While some autonomous drive systems that rely on cameras, lasers, and sensors, such as lane keeping and automatic braking, don’t require vehicle connectivity, the fully autonomous vehicle will.

Reaction Time

The fact that AVs are likely to be far safer than non-autonomous, human-driven vehicles has been well-established.  However, to provide the type of near guaranteed safety the auto industry and customers require, the fully autonomous vehicle described by NRC-SV Director Martin Sierhuis will be “the most complex system in the world.”

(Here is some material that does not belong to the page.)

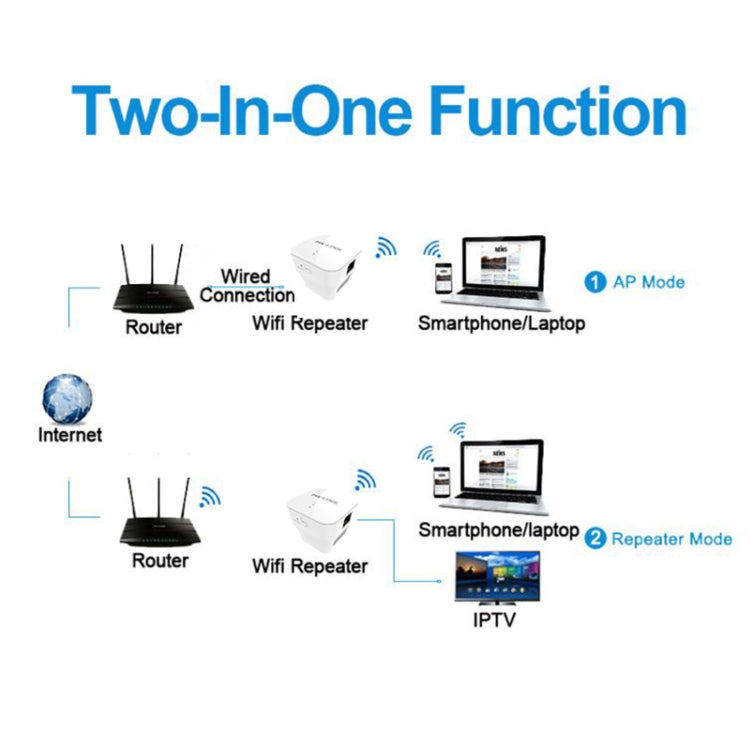 Lisslune | PIXLINK WR12 300Mbps WIFI Signal Booster Improved Repeater, Plug Type: EU Plug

For starters, the fully autonomous vehicle needs to be able to communicate with other vehicles and infrastructure, anticipate/predict human and non-human (animal) behavior, be personable, constantly observe and relay information back to the Internet, and act quickly upon information received from all these sources.

Watch for Deer

Information on weather conditions, traffic congestion, and road construction are valuable assets to other vehicles and, in an ideal system, can be transferred seamlessly.  Further, observations made by vehicles can be used to maintain a near real-time map of the world, given changes to road infrastructure.  However, the most valuable pieces of information will be on how AV predictive systems can be improved and how AVs fail.

A major challenge for AVs is the unpredictability of the world.   The awkward four-way stops, the sudden trajectory deviations, the deer on the side of the road, the ear buds-wearing bicyclists in downtown San Francisco, etc. all have to be accounted for.  To function effectively, an AV must be able to predict both human and animal behavior better than humans do.  Predictions are based on data; as more data is accumulated on humans through AVs, they will in turn be better able to predict human behavior and, therefore, safer in the more pedestrian-centric urban environments.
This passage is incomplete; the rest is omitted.